Quanto sono importanti la cultura e l’arte per provare a contrastare il silenzio e l’oblio?

Sono molto importanti per noi, per farci conoscere meglio una realtà fisicamente molto vicina, ma che, come abbiamo detto, mentalmente continua ad essere lontana. Però il problema rimane lì, nei banchi di scuola dove agli studenti albanesi vengono fatti studiare programmi che dicono che a un certo punto sono arrivati i serbi e li hanno cacciati e che tutto il patrimonio culturale serbo-ortodosso è costruito sulla cancellazione di una cultura passata. Questo è un falso storico enorme, ma se si cresce in questo modo… Se si cresce in questo modo tutto diventa più difficile, per questo la cultura e l’arte non sono sufficienti se non accompagnati dall’insegnamento della storia e dalla consapevolezza che la condivisione di tutto il patrimonio culturale, a chiunque appartenga, è fonte di ricchezza e non di divisione. Ma finché nel Kosovo e Metohija saranno mafie e malavita a comandare, tutto questo sarà difficilmente realizzabile.

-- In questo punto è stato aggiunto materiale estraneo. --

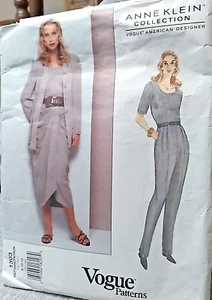 Vogue 1303 ANNE KLEIN Wrap Skirt, Tapered Pants, Bodysuit & Jacket 8-12 - Picture 1 of 2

Da dove nascono la passione e l’impegno per le realtà e le culture della Serbia, messe a disposizione da volontario per Un ponte per…?

Nascono nel ’99, all’inizio dei bombardamenti, partecipando alle manifestazioni di protesta, quando c’era ancora qualcuno che si indignava davvero. E allora erano 40-50 mila le persone che scendevano in piazza. E Un ponte per… era una delle poche e piccole realtà che prendeva in considerazione la parte invisibile della guerra, cioè la Serbia. Entrai in contatto con gli attivisti di allora, come Fabio Alberti, li andai a trovare e da lì partì una lunga storia. Fatta di tanti rapporti umani, bellissimi, che si sono intrecciati a tante situazioni e che in qualche modo hanno sempre avuto il tratto comune di rispondere a una certa rabbia. Ecco, Un ponte per… ha rappresentato e rappresenta ancora la possibilità di trasformare questa rabbia in positivo, unendo la protesta politica all’azione concreta. Perché accogliere un bambino serbo in Italia, che in un certo periodo significava “portare in casa il nemico”, era una sfida importante, ma che tutti insieme abbiamo vinto.

In cosa consiste oggi quest’impegno concreto?

Oggi sono circa 80 le famiglie che sosteniamo a distanza, fra Serbia e Kosovo e Metohija, mentre abbiamo realizzato 21 pozzi artesiani che servono più famiglie contemporaneamente. Inoltre, è dall’agosto del ’99 che abbiamo organizzato vacanze in Italia per oltre 40 minori ogni volta, senza considerare il nostro contributo alla realizzazione di vacanze per adolescenti in Grecia, in Serbia, in Montenegro, in collaborazione coi monaci in Kosovo o con la Croce Rossa Serba di Kraljevo. Nei tavolini di Un Ponte per… i ricami delle donne serbe andavano a ruba!  E potremmo continuare a raccontare per ore di tante altre iniziative realizzate…

Ecco, io credo che con questi piccoli gesti si costruisce la solidarietà e si lavora per un futuro migliore.